WhatsApp’s systemic flaw was exploited by a group of researchers to expose around 3.5 billion phone numbers and related account data. As per the study, the researchers took advantage of the fact that the Meta-owned platform does not apply any rate limits on showing profiles on a registered account, letting them process large datasets of possible phone numbers and checking if these numbers belonged to anyone. The researchers said this is the most extensive exposure of phone numbers and associated profile data ever documented, and in the wrong hands, could have led to a major security threat.
Note: WhatsApp reached out to Gadgets 360 with an official statement (shared below), and the headline has been updated to reflect the same.
“We are grateful to the University of Vienna researchers for their responsible partnership and diligence under our Bug Bounty program. This collaboration successfully identified a novel enumeration technique that surpassed our intended limits, allowing the researchers to scrape basic publicly available information. We had already been working on industry-leading anti-scraping systems, and this study was instrumental in stress-testing and confirming the immediate efficacy of these new defences. Importantly, the researchers have securely deleted the data collected as part of the study, and we have found no evidence of malicious actors abusing this vector. As a reminder, user messages remained private and secure thanks to WhatsApp’s default end-to-end encryption, and no non-public data was accessible to the researchers.” – Nitin Gupta, VP of Engineering at WhatsApp
Researchers Reveal 3.5 Billion WhatsApp Accounts
A team of researchers at the University of Vienna and SBA Research has uncovered a vulnerability in WhatsApp’s contact-discovery system that enabled the enumeration of around 3.5 billion phone numbers and associated profile data.
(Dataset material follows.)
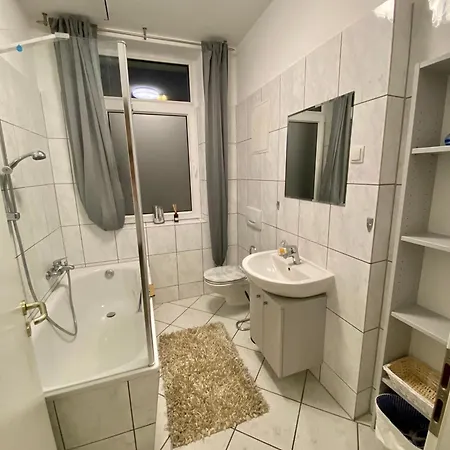 Iduna Mit 4 Deluxe * גראל-מוריץ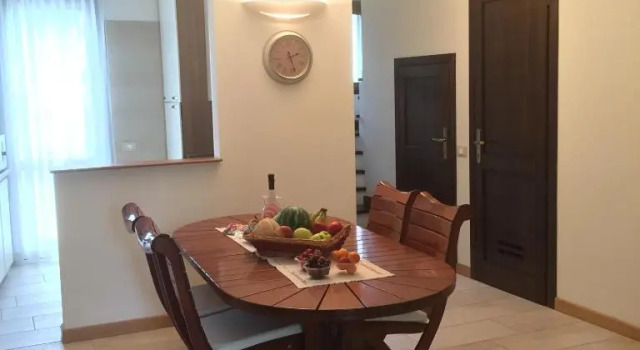 Коттедж Villa Eribis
The research paper was published on GitHub and details their method, highlighting a critical security flaw in WhatsApp’s system.
The method exploited the fact that WhatsApp allows users to upload a phone book and quickly see which contacts already have accounts. The researchers automated the process by systematically inserting large sets of possible phone numbers and recording whether each number was registered. Because the system did not enforce effective rate-limiting, they were able to check tens of millions of numbers per hour.
Their analysis shows that for many of the discovered numbers, additional public metadata was available. Specifically, about 57 percent of the accounts had profile photos that were visible to “everyone,” and roughly 29 percent included text in the “About” field of the profile.
Interestingly, researchers also identified millions of accounts in countries where WhatsApp is banned. They found 2.3 million accounts in China, 1.6 million accounts in Myanmar, and about 60 million accounts in Iran by using phone-number ranges for those countries. “Phone numbers were not designed to be used as secret identifiers for accounts, but that’s how they’re used in practice,” a researcher was quoted as saying by Wired.
According to Wired, the researchers reached out to Meta to highlight the enumeration problem, which was then fixed by the company in October. Meta reportedly stated that the exposed information was “basic publicly available information” and that no message content or private data was accessed.